Source data:

▼▼▼

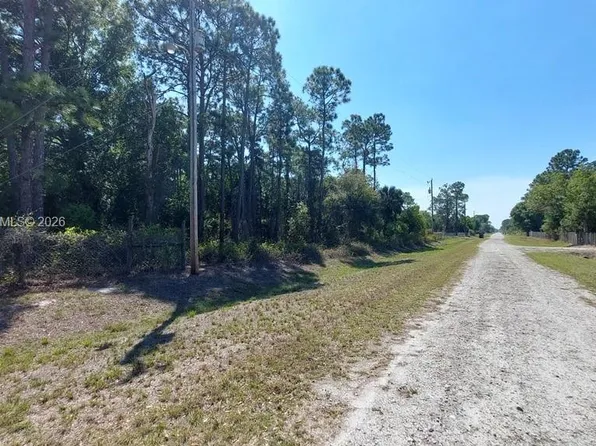 165 N Sendero St, Clewiston, FL 33440
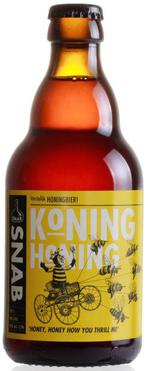 Koning-honing image
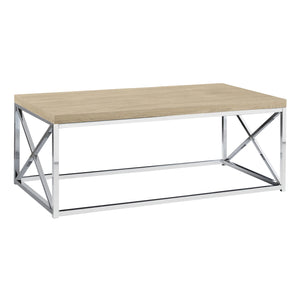 Natural Accent Table / Coffee Table - I 3208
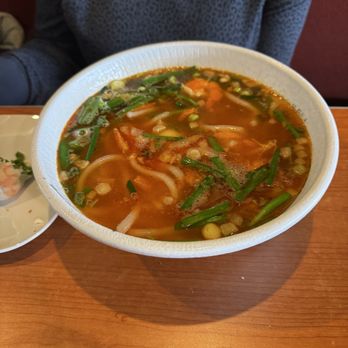 Vinameals - Seafood soup - Vietnamese Near Me - Littleton, Colorado Vinameals - Seafood soup - Vietnamese Near Me - Littleton, Colorado
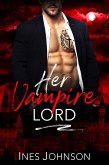 Her Vampire Lord (Dark Vintage, #2) (eBook, ePUB) Her Vampire Lord (Dark Vintage, #2) (eBook, ePUB)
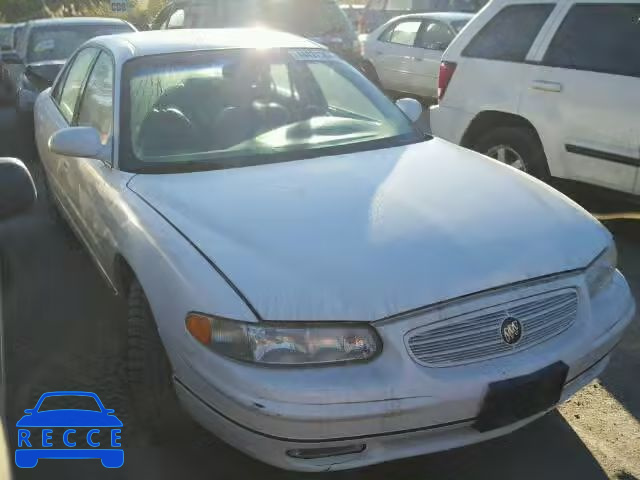 1998 BUICK REGAL 2G4WB52K4W1568048 зображення 0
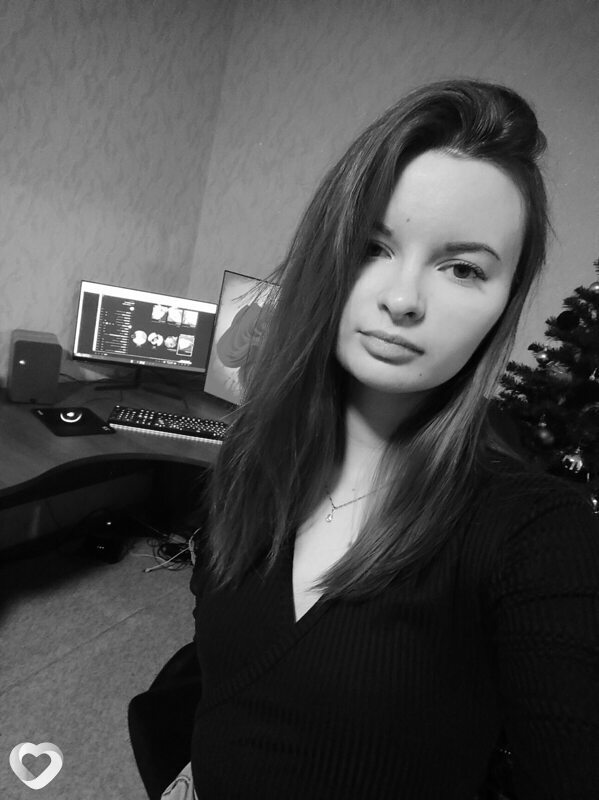 Дарья, 29, Старом Осколе — анкета №1208375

▲▲▲

The task:
Please produce an exact copy of the listing, omitting the pictures.

Exercise result:
 165 N Sendero St, Clewiston, FL 33440
 Koning-honing image
 Natural Accent Table / Coffee Table - I 3208
 Vinameals - Seafood soup - Vietnamese Near Me - Littleton, Colorado Vinameals - Seafood soup - Vietnamese Near Me - Littleton, Colorado
 Her Vampire Lord (Dark Vintage, #2) (eBook, ePUB) Her Vampire Lord (Dark Vintage, #2) (eBook, ePUB)
 1998 BUICK REGAL 2G4WB52K4W1568048 зображення 0
 Дарья, 29, Старом Осколе — анкета №1208375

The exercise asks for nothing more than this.